The new legislature still follows the same logic as the old policy. The bill revokes the age-old policy of requiring complainants to attend mandatory counseling and participate in mediation with the accused. However, the bill still makes the accuser/survivor rely heavily on the Office of Compliance (OOC), a review board within Congress. The OOC investigates the incident(s) and can rule in one of three ways: “reasonable cause for claim no reasonable cause for claim and no findings of reasonable cause can be made before any hearing on the merits can be held.” These rulings could possibly deter someone from heading to federal court even though the OOC is not a judicial agency. While the OOC is supposed to act as a non-biased agent, there are many factors that could affect an investigation run by a non-judicial agency. The legislation also mandates that the OOC publish bi-annually any settlements or monetary awards made by members of Congress. Formerly, the funds used in settlements were from taxpayers. Although the use of these funds is being abolished, Congress members still have the opportunity to use tax-based funds in settlements, as long as the funds are repaid within 90 days. This gives members the wrong idea that they can rely on taxpayer funds as a back-up plan and the delay in publication of these settlements gives the public less knowledge without giving survivors the option to not disclose the amount that they received.

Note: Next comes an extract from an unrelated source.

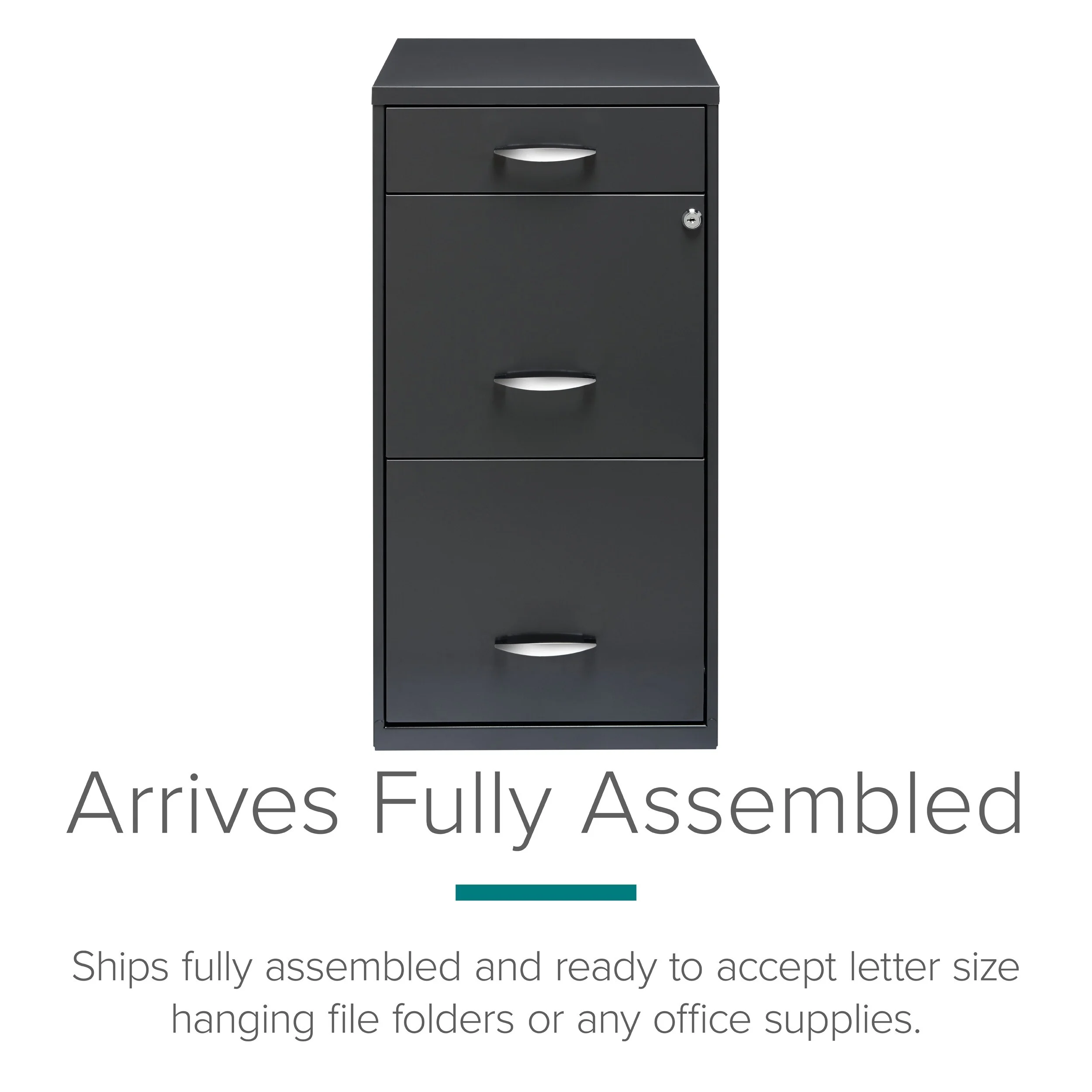 Space Solutions  3 Drawer Letter Width Vertical File Cabinet with Pencil Drawer, Charcoal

Interestingly, this legislation arrives on the heels of President Drumpf complaining about a lack of “due process” after two of his aides resigned over sexual assault allegations. This political climate demands stricter legislation regulating Capitol Hill and the White House as well. In a White House where the rules are regularly skirted in favor of protecting self-interest, the government must show that it can rise above such temptations. Capitol Hill should also recognize how its male dominated perpetuates a culture of sexual harassment. The government should not only seek to protect staffers; it should also encourage women to rise up through the ranks by changing its ranking member policy. Ranking members help set the agenda in their committee and are respected members due to their seniority. Most older Congressmen are men because only a few women were elected before the last few decades. Women should also be encouraged to be Congress members themselves. Congress needs to take this moment to reflect on the power that it possesses as well as the culture that it perpetuates.